On 2026/2/3 17:03, Petr Mladek wrote:

On Tue 2026-02-03 11:08:33, Lance Yang wrote:

On 2026/2/3 11:05, Lance Yang wrote:

On 2026/1/25 21:58, Aaron Tomlin wrote:

The check_hung_task() function currently conflates two distinct
responsibilities: validating whether a task is hung and handling the
subsequent reporting (printing warnings, triggering panics, or
tracepoints).

This patch refactors the logic by introducing hung_task_info(), a
function dedicated solely to reporting. The actual detection check,
task_is_hung(), is hoisted into the primary loop within
check_hung_uninterruptible_tasks(). This separation clearly decouples
the mechanism of detection from the policy of reporting.

Furthermore, to facilitate future support for concurrent hung task
detection, the global sysctl_hung_task_detect_count variable is
converted from unsigned long to atomic_long_t. Consequently, the
counting logic is updated to accumulate the number of hung tasks locally
(this_round_count) during the iteration.

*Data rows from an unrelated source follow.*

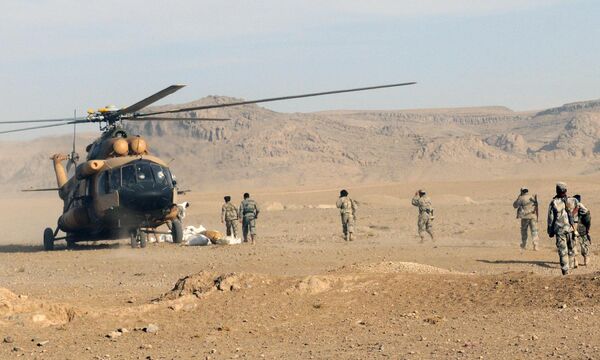 El Pentágono niega nuevos contratos de helicópteros rusos para Afganistán - Sputnik Mundo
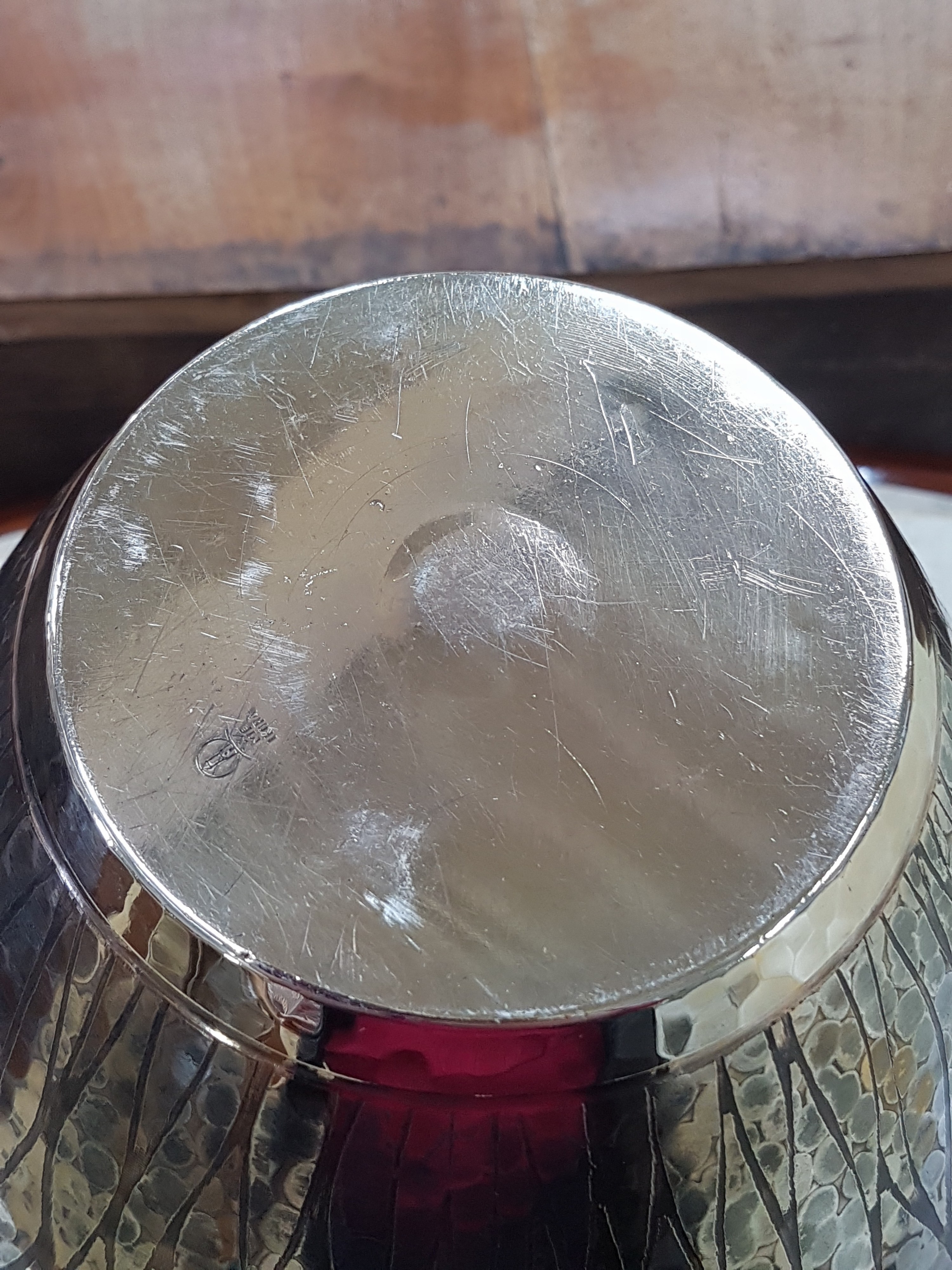 Detail d: Ikora-Vase No. 26/1731, WMF AG, Entw. Karl Kohnle, 1938, Messing, von Hand gehämmert, poliert und versilbert, leicht angeschliffene Oberfläche, auf ...
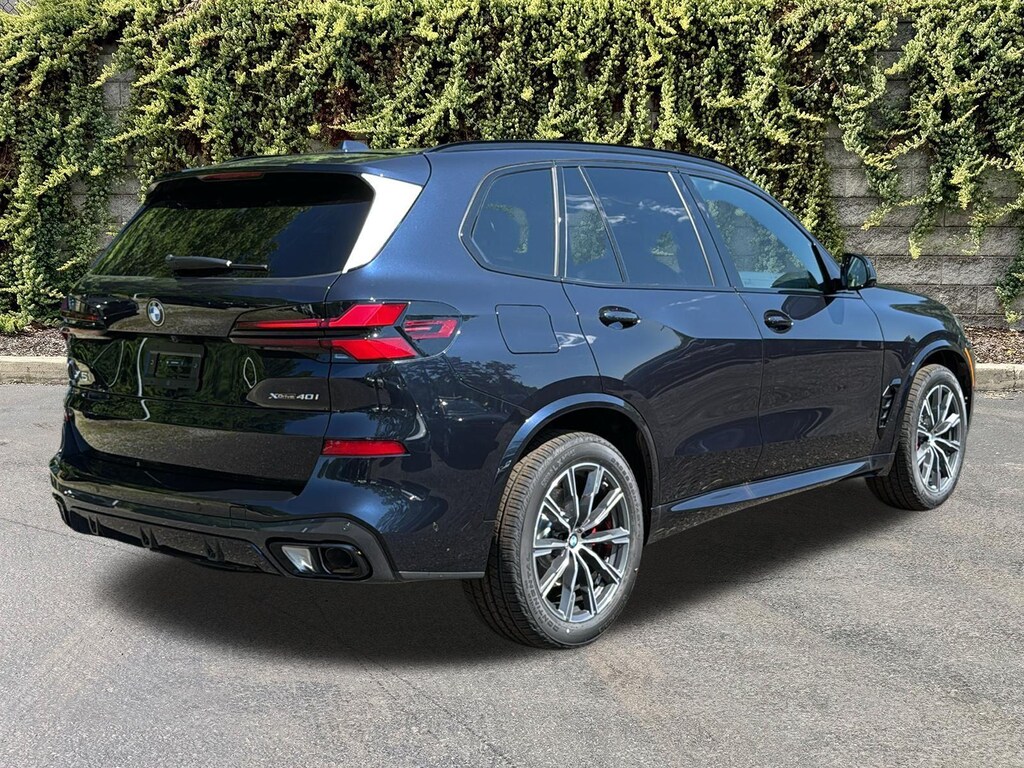 New 2026 BMW X5 xDrive40i Sports Activity Vehicle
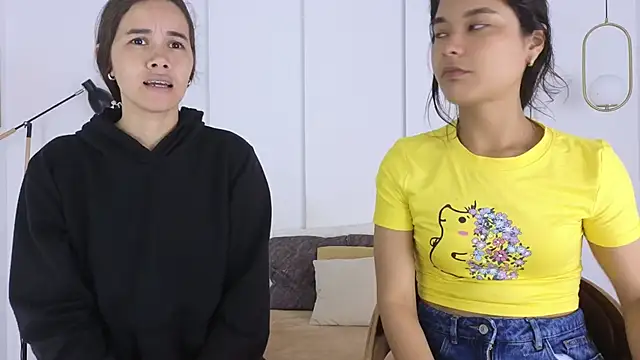 Snapshot of sexychanell_18 chatting on 01/07/26, 01:27 sexychanell 18 online show from 01/07/26, 01:27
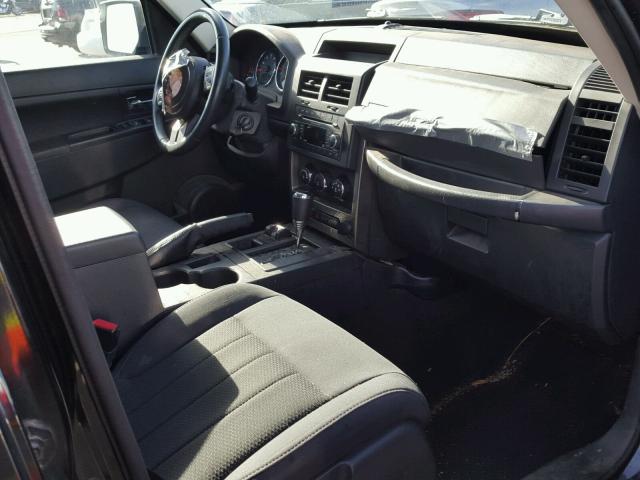 1C4PJMAK5CW103497 - 2012 JEEP LIBERTY SP BLACK photo 5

The global counter is then
updated atomically via atomic_long_cmpxchg_relaxed() once the loop
concludes, rather than incrementally during the scan.

These changes are strictly preparatory and introduce no functional
change to the system's runtime behaviour.

Signed-off-by: Aaron Tomlin <atomlin@xxxxxxxxxxx>
---
kernel/hung_task.c | 58 ++++++++++++++++++++++++++--------------------
1 file changed, 33 insertions(+), 25 deletions(-)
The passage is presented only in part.